Keys to the Archive: Miss Jane Pittman

The Function of Frames

Part of the long tradition of frame stories illustrates their didactic function. Scholars trace the literary device back millennia, across many languages and cultures (Irwin 28-29). Drawing on European examples from the fourteenth century, Walter Ong argues the frame eased the transition from orality to literacy. Readers, he theorizes, “had to learn this game of literacy” (61). To that end, “audience readjustment was a major feature of mature medieval culture, a culture more focused on reading than any earlier culture had been” (70). The frame let authors readjust reader expectations by setting familiar scenes of oral transmission. Gather ‘round the fire, the frame says, let us hear the knight’s tale. That instructional use leads Ong to conclude, “The frame is really a rather clumsy gambit” (70). Centuries later, however, Gaines employs the frame subtly to remind readers in a literate society that the legacies of enforced intellectual impoverishment perpetuate illiteracy among some communities. Miss Jane cannot read or write, we learn, but the frame shows how she transmits her story orally, recording it to tape.

Aspects of Ong’s theory illuminate the framework for Miss Jane’s narrative. Technologies of writing and recording let the unnamed editor remediate Miss Jane’s narrative as literature.
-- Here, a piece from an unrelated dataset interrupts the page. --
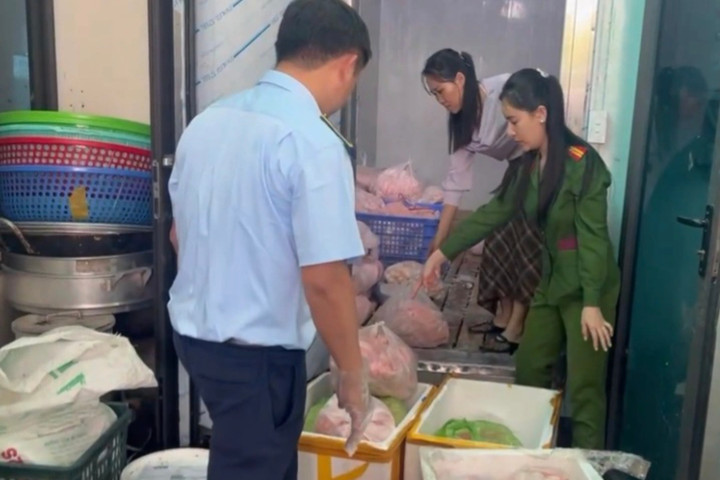 Xử phạt 14 cơ sở vi phạm an toàn thực phẩm nông, lâm, thủy sản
As a work of literature, her story supplements the textbooks that exclude her as subject and student of history. The editor even draws attention to Miss Jane’s manner of speaking to explain the orality of the text: “I have tried my best to retain Miss Jane’s language. Her selection of words; the rhythm of her speech. When she spoke she used as few words as possible to make her point. Yet, there were times when she would repeat a word or phrase over and over when she thought it might add humor or drama to the situation” (x). As Ong might point out, these notes on style point more directly to the writer’s craft than the reproduction of oral communication.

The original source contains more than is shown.